# SOURCE DATA
◇ ◇ ◇ ◇

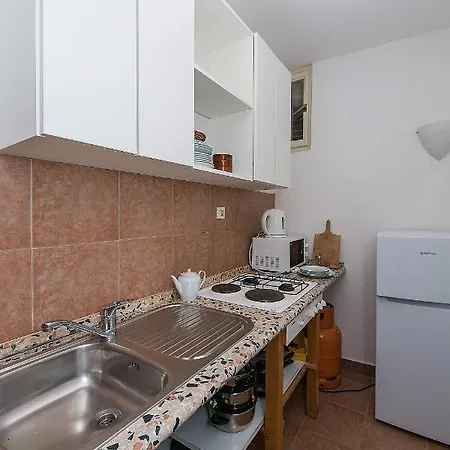 Apartment By The Sea Brela, Makarska - 16950 *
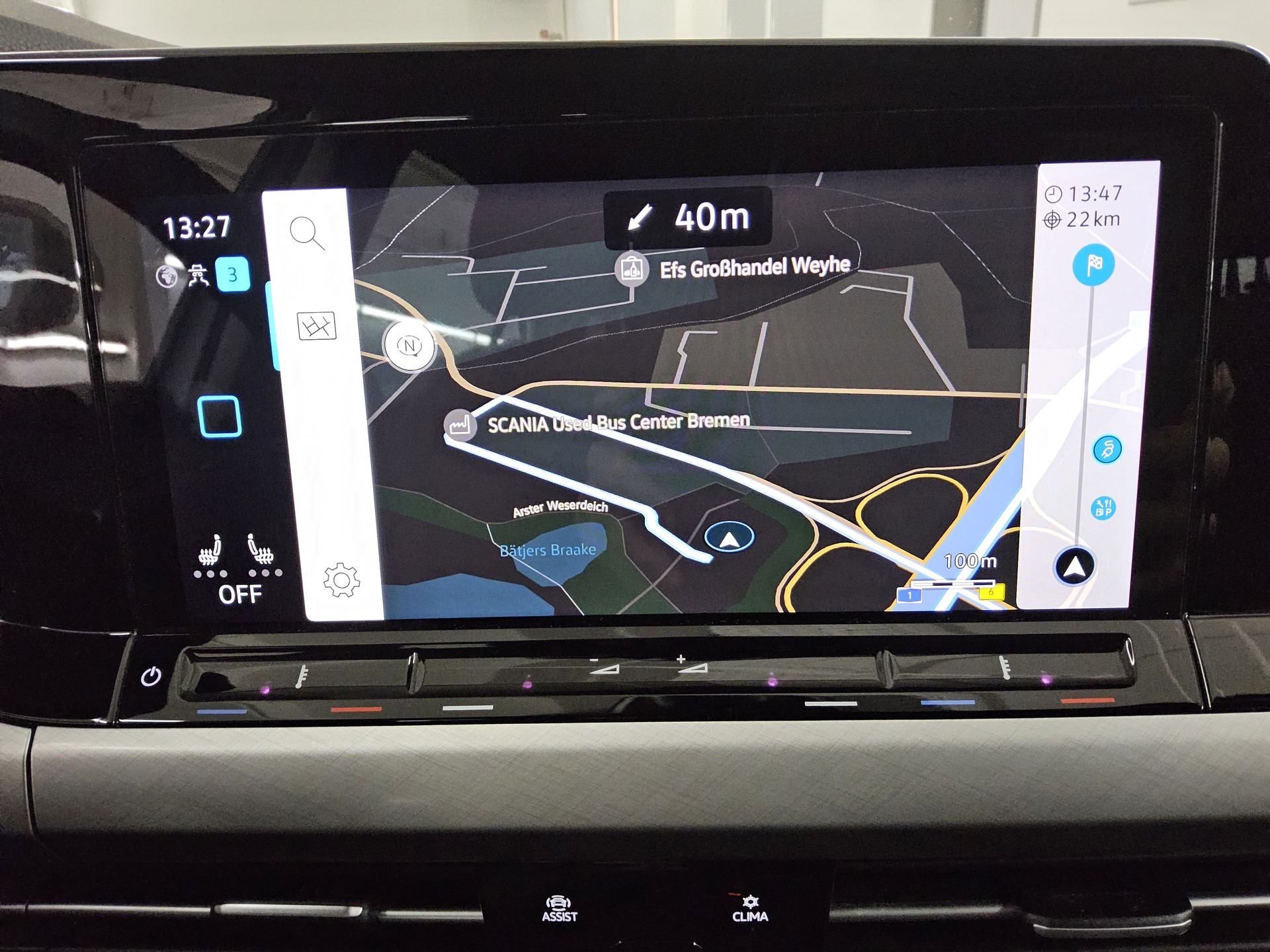 Volkswagen Golf-8 Var. 2.0 TDI Life Navi LED AID ACC Shz 7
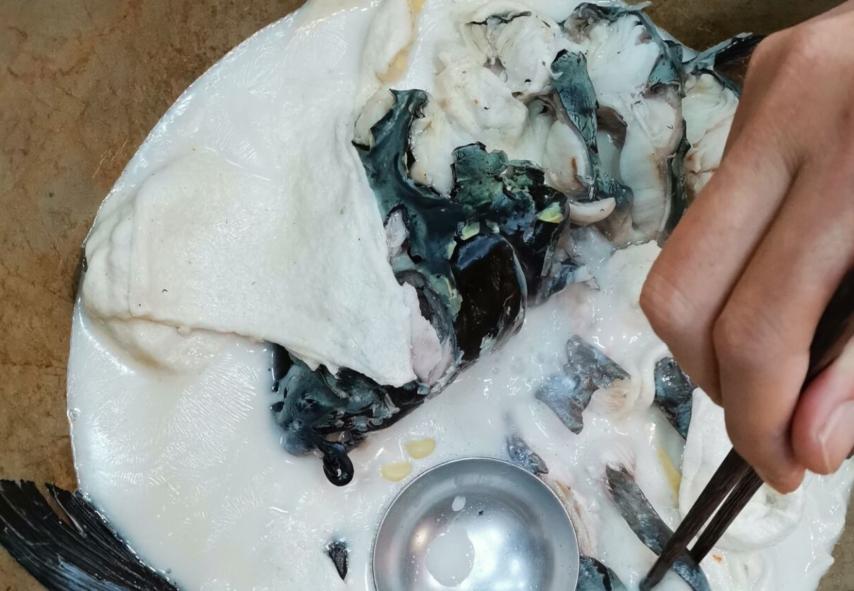 石锅鱼农家铁锅炖,特色美食石锅鱼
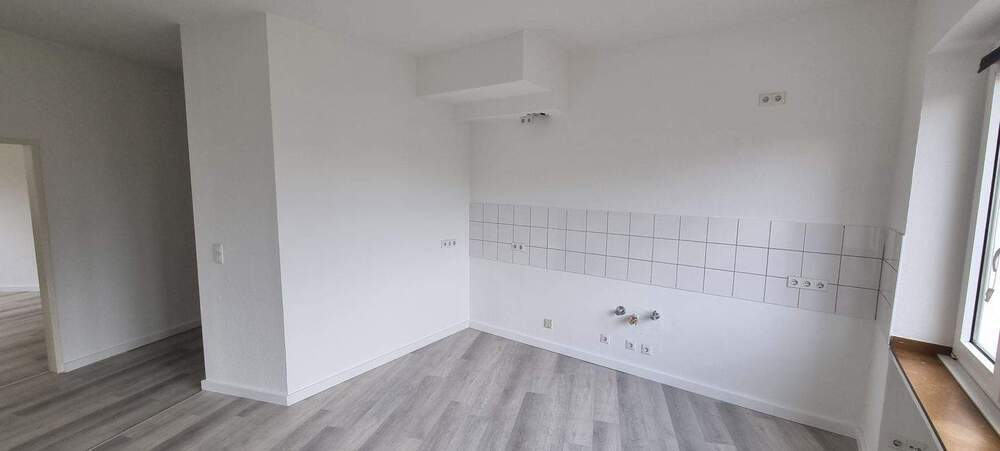 ELEGANTE + RENOVIERTE 2-Zimmer-Wohnung in DÜSSELDORF - FRIEDRICHSTADT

◇ ◇ ◇ ◇

# ASSIGNMENT
Exactly as given, set down each line of the material, but include no pictures.

# WRITTEN ANSWER
 Apartment By The Sea Brela, Makarska - 16950 *
 Volkswagen Golf-8 Var. 2.0 TDI Life Navi LED AID ACC Shz 7
 石锅鱼农家铁锅炖,特色美食石锅鱼
 ELEGANTE + RENOVIERTE 2-Zimmer-Wohnung in DÜSSELDORF - FRIEDRICHSTADT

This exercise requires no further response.